» **EXERCISE INSTRUCTIONS**:
Please transcribe the data below in full. Omit any picture you find in it.

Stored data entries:
· · · · · · ·
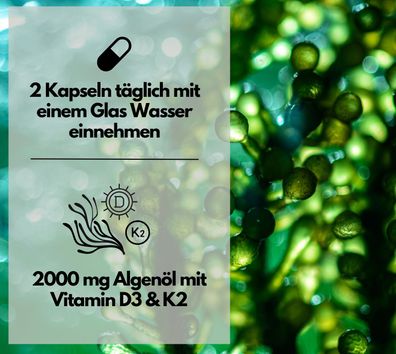 EXVital® Omega 3 + D3 & K2 Kapseln aus Algenöl, hochdosiert & vegan, 120 Stück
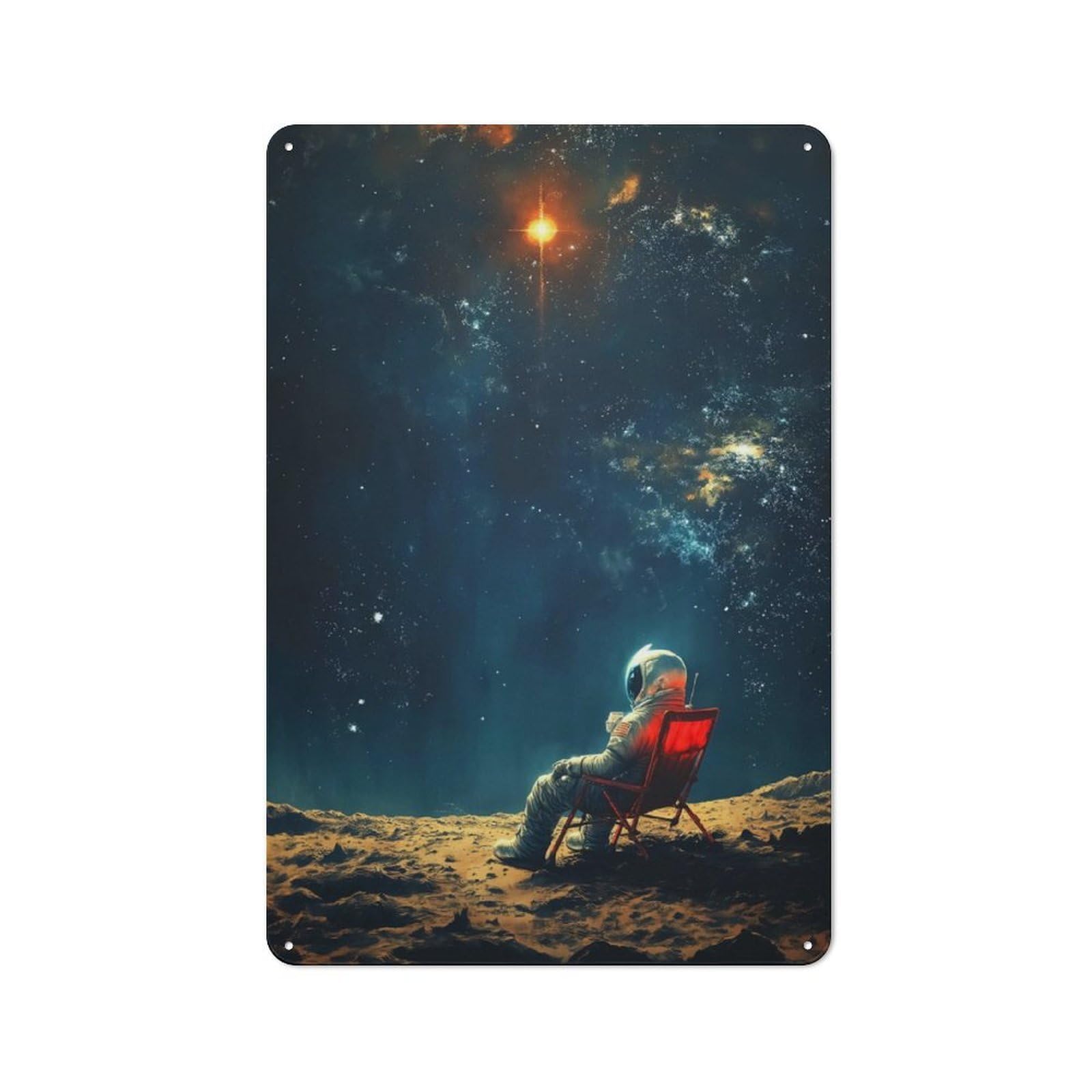 Junmoney Chilling Spaceman Metal Sign 30X20cm With For Garage Wall, Vintage Decor, Tin Sign Wall Decor For Garages And Workshops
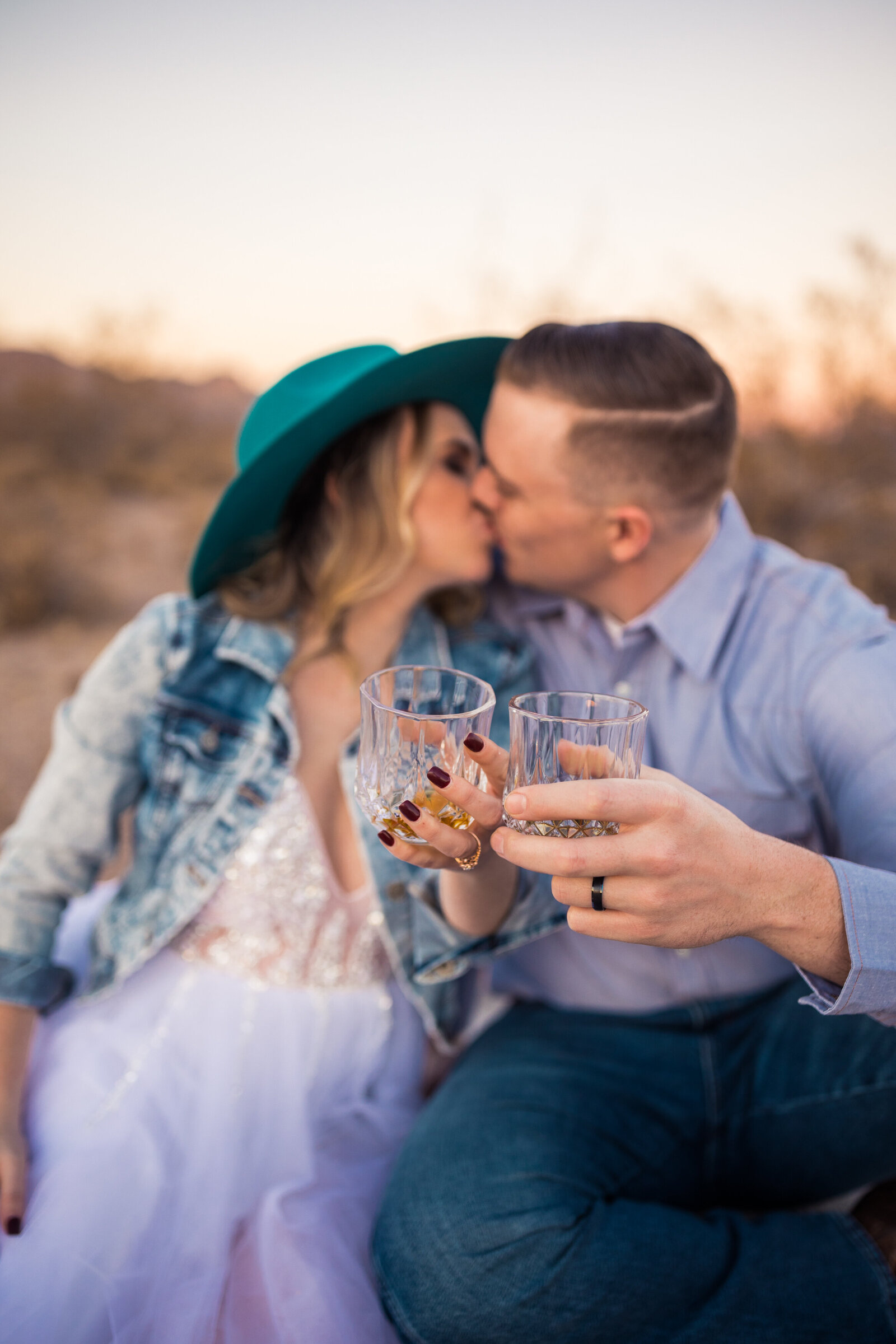 bourbon cheers during a unique elopement day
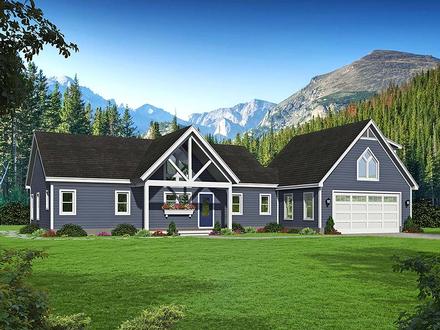 Country Ranch Traditional Elevation of Plan 51679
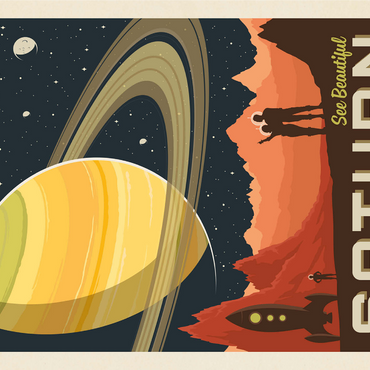 Saturn: From The Valleys Of Titan, Vintage Poster 1000 Jigsaw Puzzle 3D Modell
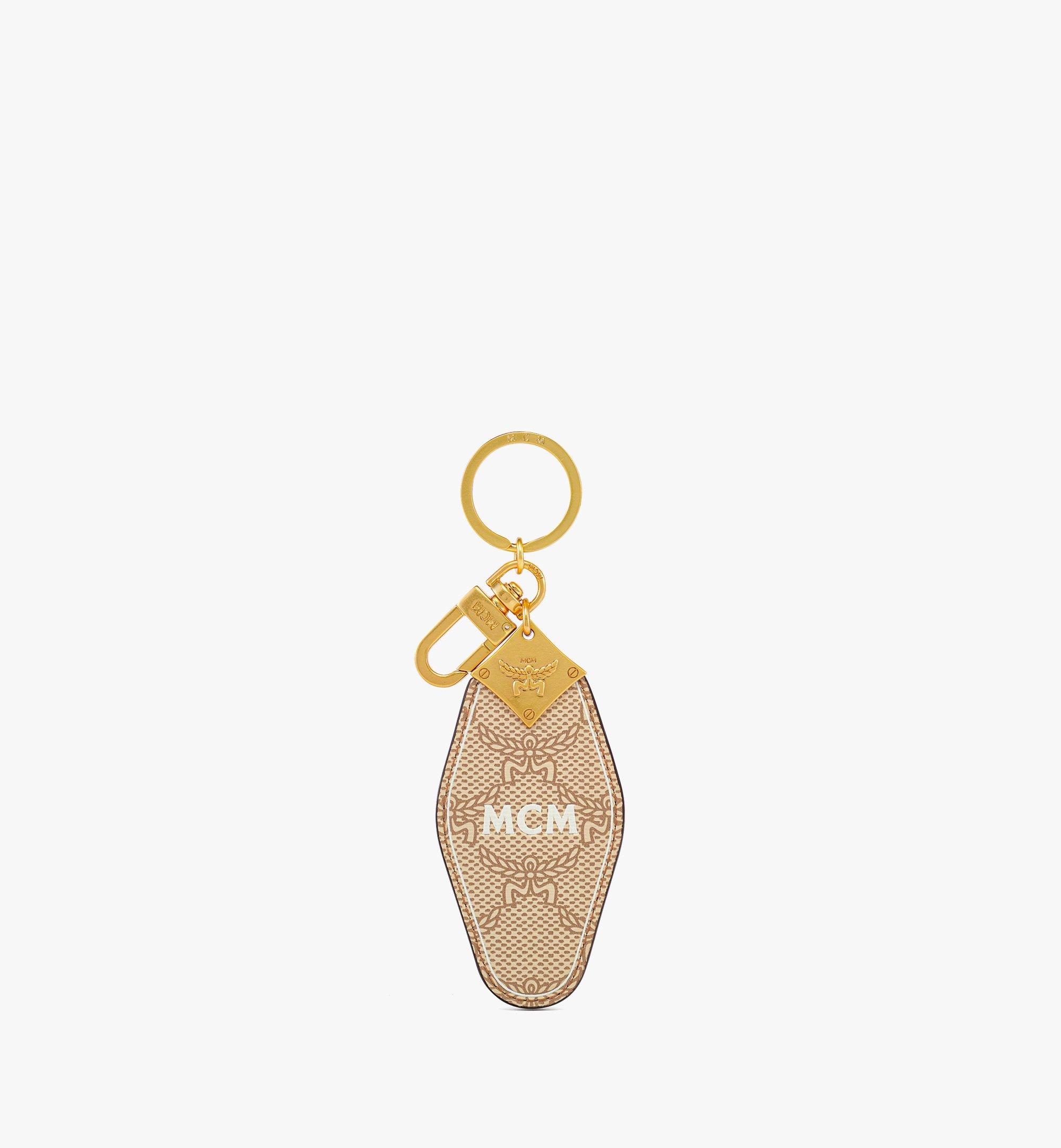 MCM Himmel Key Holder in Lauretos Beige MXZESAC01I9001 Alternate View 1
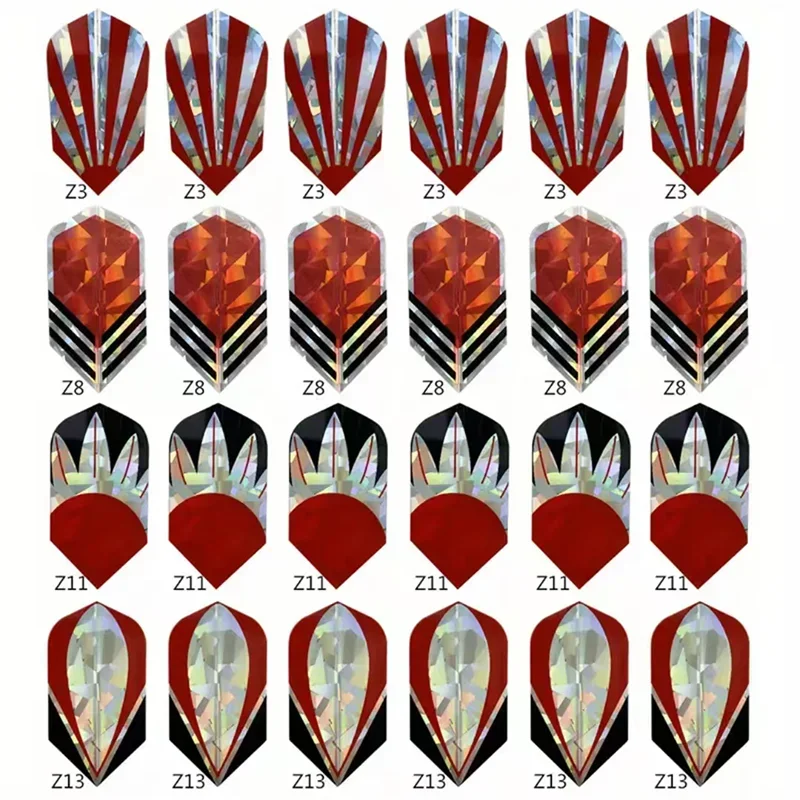 24 Pcs Red Series Laser Dart Aircraft with 4 Unique Designs Durable PVC Material Suitable for Christmas New Year Celebrations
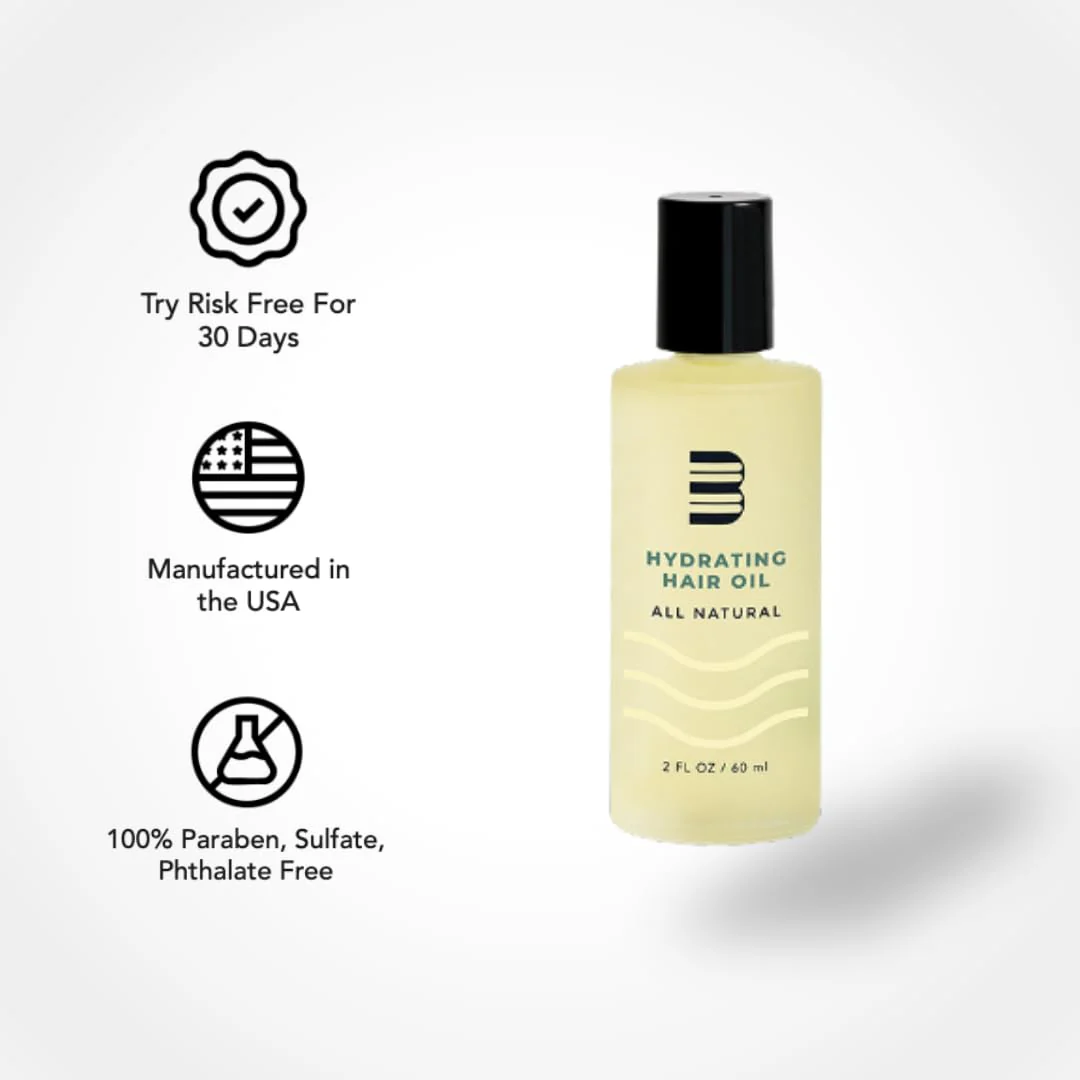 BLUMAAN Hydrating Hair Oil - Designed for Dry, Frizzy, Straight, or Curly Hair - 100% Natural Men's Hair Strengthening Oil - 60 ml / 2.0 oz - Image 2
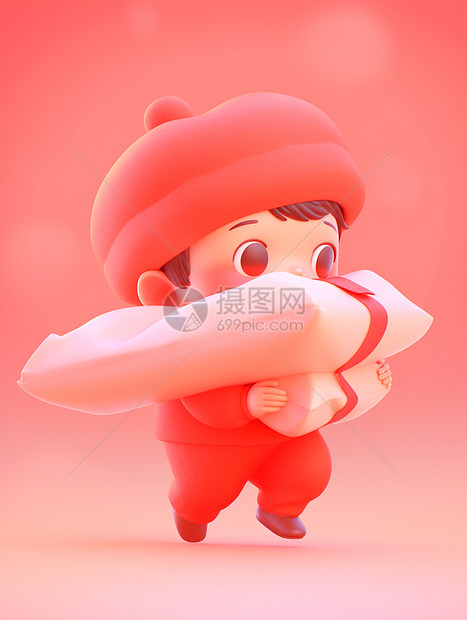 戴着红色帽子抱着东西的可爱卡通小男孩图片
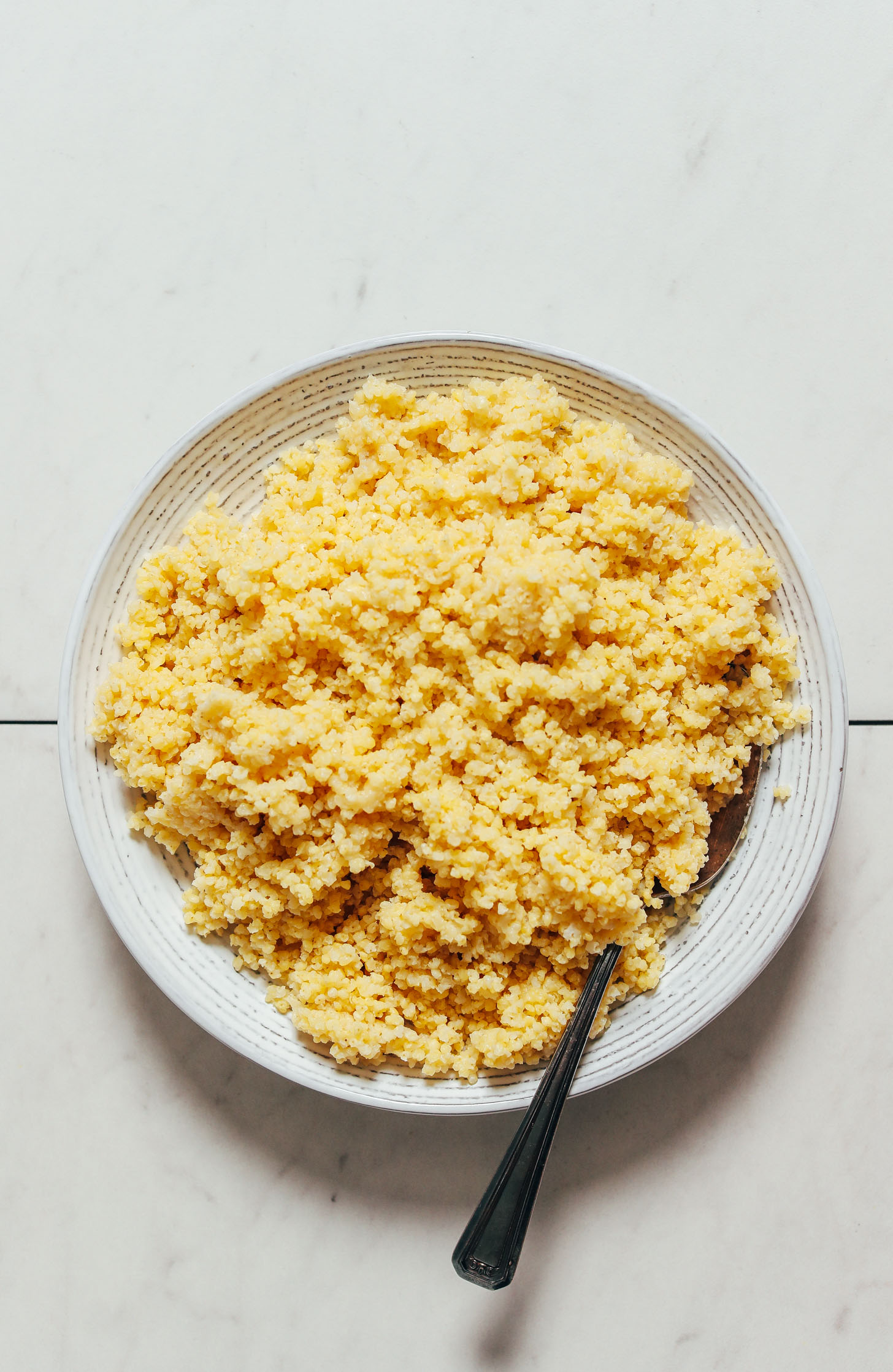 Spoon resting in a bowl of Instant Pot Millet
· · · · · · ·
» **SOLUTION BELOW**:
 EXVital® Omega 3 + D3 & K2 Kapseln aus Algenöl, hochdosiert & vegan, 120 Stück
 Junmoney Chilling Spaceman Metal Sign 30X20cm With For Garage Wall, Vintage Decor, Tin Sign Wall Decor For Garages And Workshops
 bourbon cheers during a unique elopement day
 Country Ranch Traditional Elevation of Plan 51679
 Saturn: From The Valleys Of Titan, Vintage Poster 1000 Jigsaw Puzzle 3D Modell
 MCM Himmel Key Holder in Lauretos Beige MXZESAC01I9001 Alternate View 1
 24 Pcs Red Series Laser Dart Aircraft with 4 Unique Designs Durable PVC Material Suitable for Christmas New Year Celebrations
 BLUMAAN Hydrating Hair Oil - Designed for Dry, Frizzy, Straight, or Curly Hair - 100% Natural Men's Hair Strengthening Oil - 60 ml / 2.0 oz - Image 2
 戴着红色帽子抱着东西的可爱卡通小男孩图片
 Spoon resting in a bowl of Instant Pot Millet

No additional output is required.